**Extracted data**
-- Opening Marker --

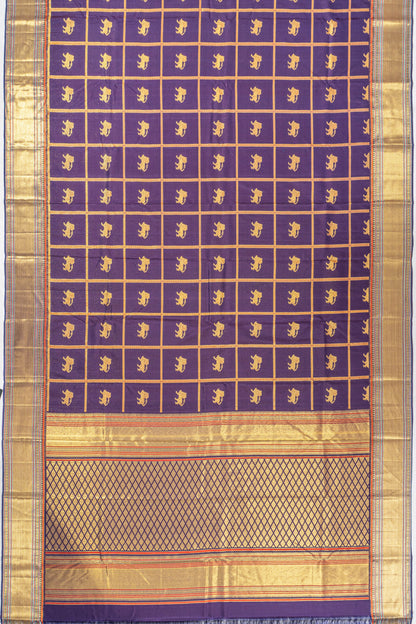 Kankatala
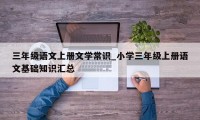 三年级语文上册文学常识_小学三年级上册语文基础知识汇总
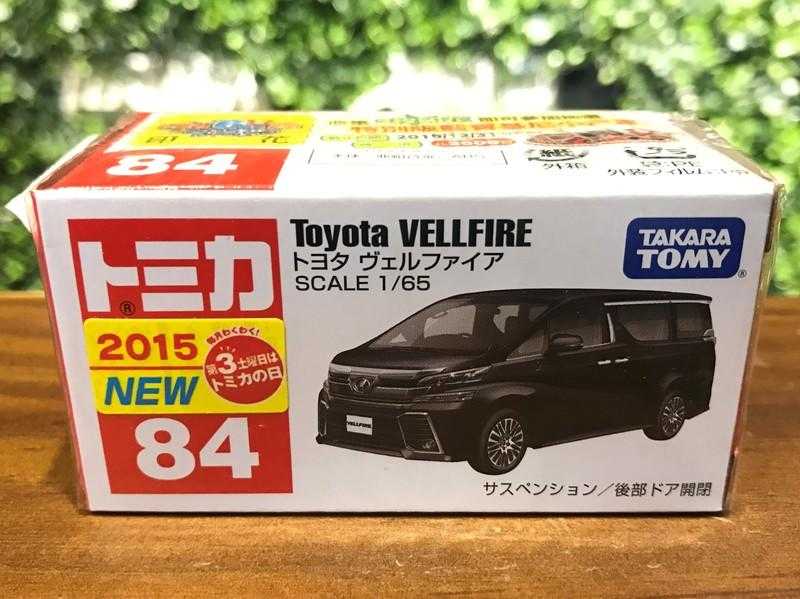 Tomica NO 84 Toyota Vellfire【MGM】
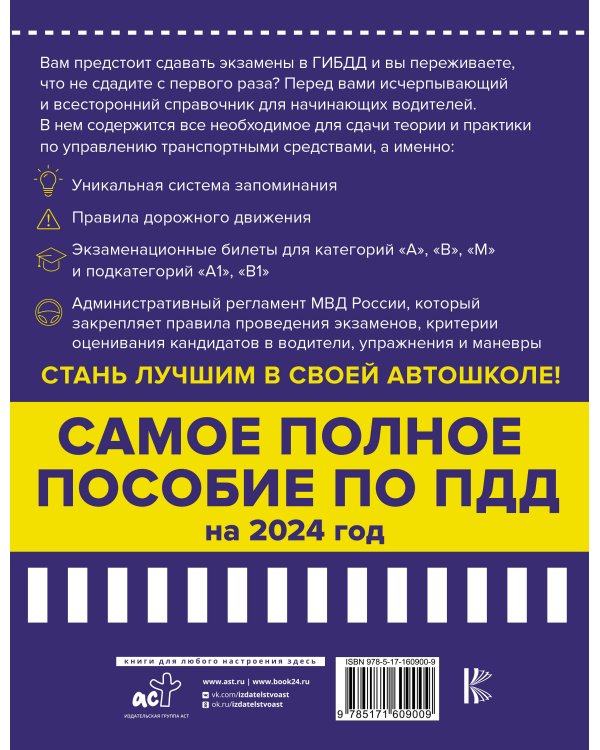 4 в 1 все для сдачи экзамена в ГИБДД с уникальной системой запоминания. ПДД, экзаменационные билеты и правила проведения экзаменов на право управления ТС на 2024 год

-- Closing Marker --
-- Opening Marker --

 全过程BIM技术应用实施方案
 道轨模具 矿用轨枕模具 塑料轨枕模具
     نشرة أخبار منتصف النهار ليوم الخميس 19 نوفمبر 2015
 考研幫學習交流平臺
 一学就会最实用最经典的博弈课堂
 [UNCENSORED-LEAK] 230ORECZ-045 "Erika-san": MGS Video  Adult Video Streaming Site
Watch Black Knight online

-- Closing Marker --

**What this task involves**
Return exactly the lines above from the line that has "نشرة أخبار منتصف" through the line that has "Watch Black Knight online", inclusive, and nothing else.

**Output below**
     نشرة أخبار منتصف النهار ليوم الخميس 19 نوفمبر 2015
 考研幫學習交流平臺
 一学就会最实用最经典的博弈课堂
 [UNCENSORED-LEAK] 230ORECZ-045 "Erika-san": MGS Video  Adult Video Streaming Site
Watch Black Knight online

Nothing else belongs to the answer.